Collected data
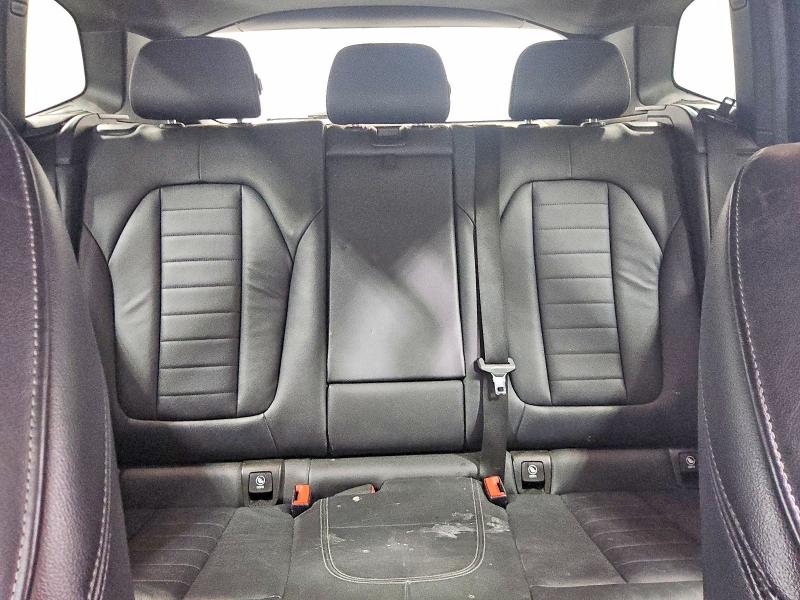 Продажа на аукционе авто 2019 Bmw X3, vin: 5UXTR9C52KLP89475, номер лота: 50779886
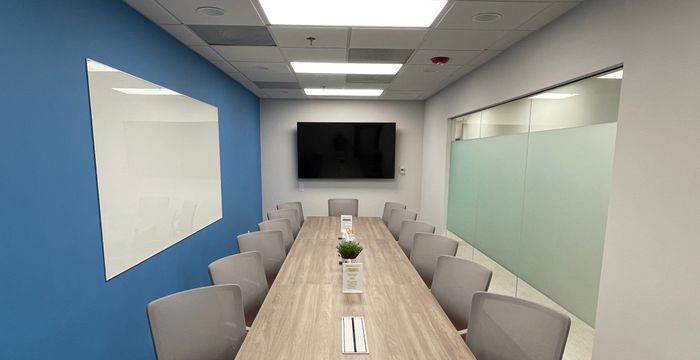 7284 W Palmetto Park Rd, Boca Raton - Image 2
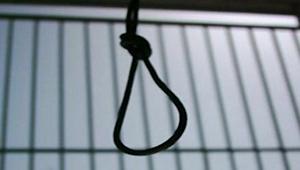 ماجرای اجرای حکم قصاص زن جوان در زندان رجایی‌شهر - Gooya News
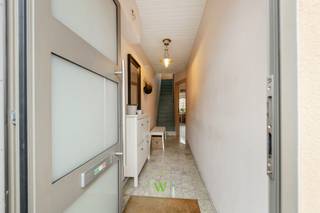 House for sale in Bruges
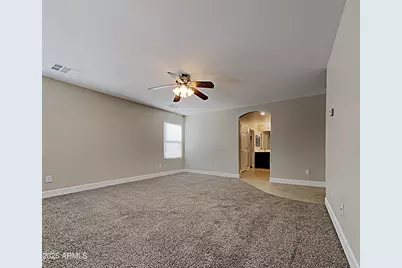 2823 W Goldmine Mountain Drive, Queen Creek, AZ 85142 - Photo 9
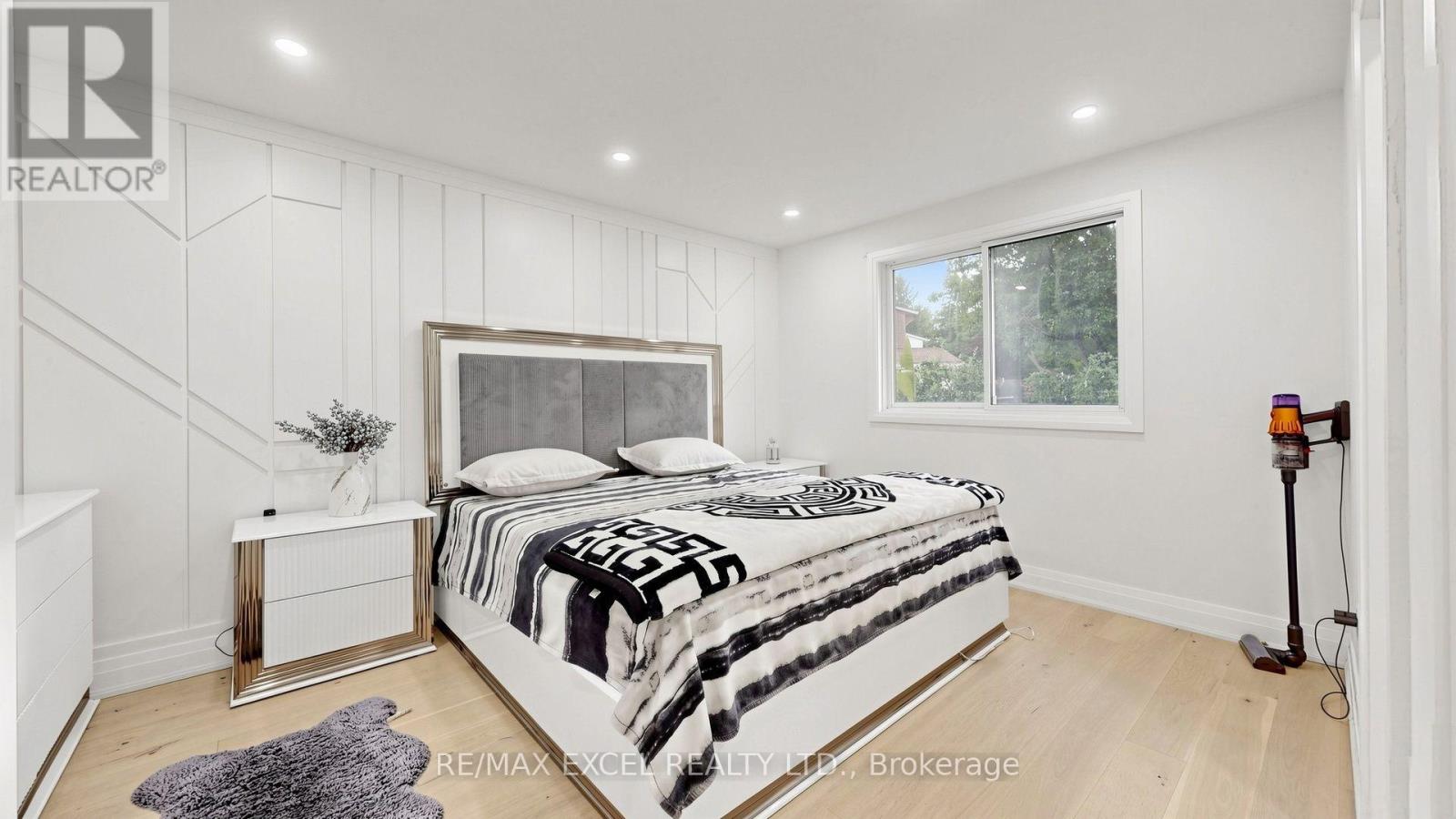 332 DIXON BOULEVARD - 19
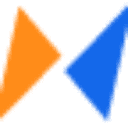 NextGen ID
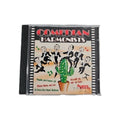 EB4214 Comedian Harmonists	Mein kleiner grüner Kaktus0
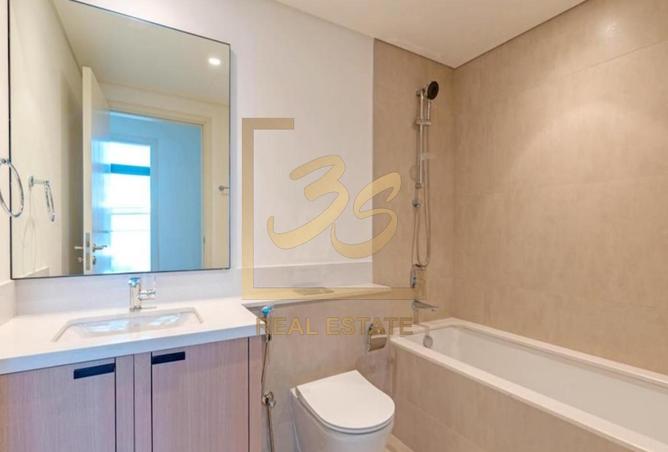 15186429 - صورة العقار 3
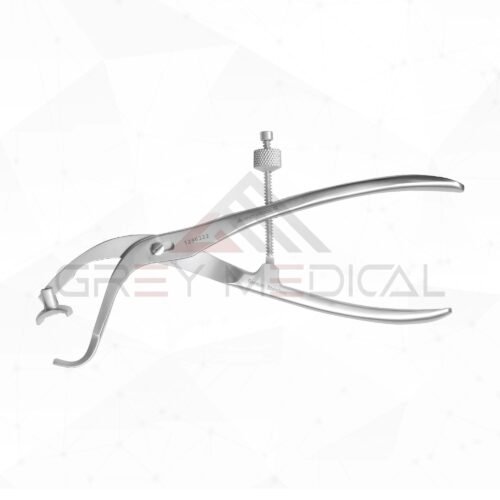 Plate-Holding-Forcep-swivel-foot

• _Aim of the exercise_:
Every line from the one containing "7284 W Palmetto" to the final line of the records must be transcribed exactly, both ends included, with the pictures left out.

• _Reply_:
 7284 W Palmetto Park Rd, Boca Raton - Image 2
 ماجرای اجرای حکم قصاص زن جوان در زندان رجایی‌شهر - Gooya News
 House for sale in Bruges
 2823 W Goldmine Mountain Drive, Queen Creek, AZ 85142 - Photo 9
 332 DIXON BOULEVARD - 19
 NextGen ID
 EB4214 Comedian Harmonists	Mein kleiner grüner Kaktus0
 15186429 - صورة العقار 3
 Plate-Holding-Forcep-swivel-foot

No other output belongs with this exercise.